Another voice joined the conversation, “If I understand, and you are being truthful, we are no longer in Obisic?”
“Never head of it,” Temru answered. “You are in the Sevle Territory, Terska.”
“And we have never heard of that, but from what we’ve just uncovered you are being truthful. Sorry, but we must be careful. The priggy is as we know, though we have never actually seen one. Then the remaining three of you look elvish, but with vast differences. One is short and blue, and two of you are very elvish but quite pale and, to us, the point of your ears is wrong. I would imagine ours ears look wrong to you. We are Elves, the five of us are Elementalists and the last five of our people. The Frost Giants have spent years in trying to eradicate us and have nearly succeeded.”
A third voice joined in, “We must apologize for what you have faced. These were defenses to keep our enemies from finding the five of us.
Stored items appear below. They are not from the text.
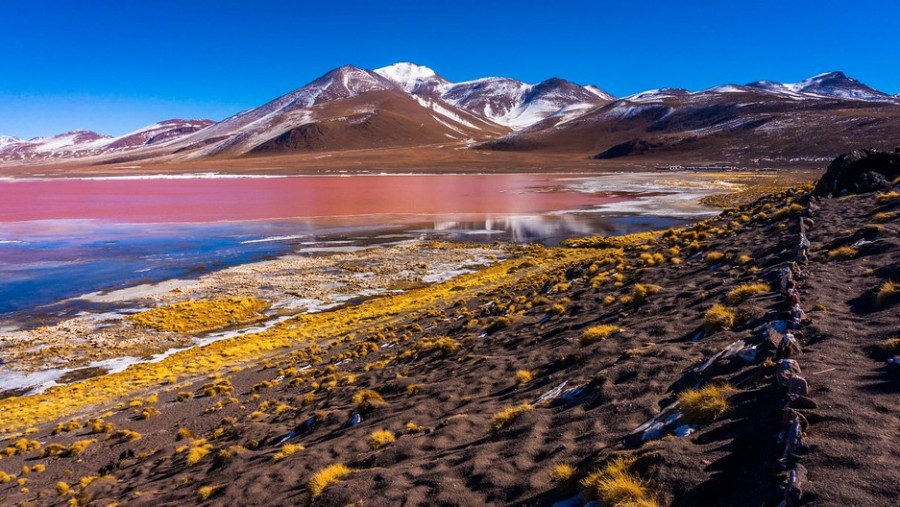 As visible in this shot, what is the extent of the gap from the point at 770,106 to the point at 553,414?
211044 mm

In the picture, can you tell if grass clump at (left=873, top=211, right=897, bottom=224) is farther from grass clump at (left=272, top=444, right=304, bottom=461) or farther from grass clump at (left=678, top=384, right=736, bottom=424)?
grass clump at (left=272, top=444, right=304, bottom=461)

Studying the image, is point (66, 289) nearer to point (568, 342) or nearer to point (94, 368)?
point (94, 368)

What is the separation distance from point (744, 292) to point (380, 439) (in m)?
7.22

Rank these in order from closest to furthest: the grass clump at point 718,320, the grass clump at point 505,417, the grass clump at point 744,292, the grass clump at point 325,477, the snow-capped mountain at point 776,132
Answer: the grass clump at point 325,477 < the grass clump at point 505,417 < the grass clump at point 718,320 < the grass clump at point 744,292 < the snow-capped mountain at point 776,132

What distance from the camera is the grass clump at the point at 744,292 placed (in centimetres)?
1015

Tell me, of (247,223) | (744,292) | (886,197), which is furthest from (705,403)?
(247,223)

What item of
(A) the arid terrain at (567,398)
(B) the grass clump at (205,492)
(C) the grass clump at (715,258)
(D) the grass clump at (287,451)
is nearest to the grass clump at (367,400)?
(A) the arid terrain at (567,398)

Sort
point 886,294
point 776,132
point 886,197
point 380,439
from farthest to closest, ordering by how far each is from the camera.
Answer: point 776,132 < point 886,197 < point 380,439 < point 886,294

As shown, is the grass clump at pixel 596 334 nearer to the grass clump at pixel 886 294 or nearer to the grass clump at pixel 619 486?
the grass clump at pixel 886 294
We are often called Frost or Snow Elves, but in truth we are just ordinary elves that live in a colder region.”
“Then the Structure was right in sending you here,” Altayna bowed. “The Sevle Territory is one of constant snow, so you should fit in here. We must take you to see Caelith, he is the leader of the Sevle and remained with our base camp on this outing. We will have to have a guard near you during the meeting. We too need to be safe.”
A buzz of whispering paused the conversation and then the first speaker turned back to address Valgrin and the others. “Your precaution is understood. I am called Therwon and have just been told I’m our leader. We would be most grateful to speak with Caelith.”
“We can take you to him as soon as you are able to travel.” Temru declared.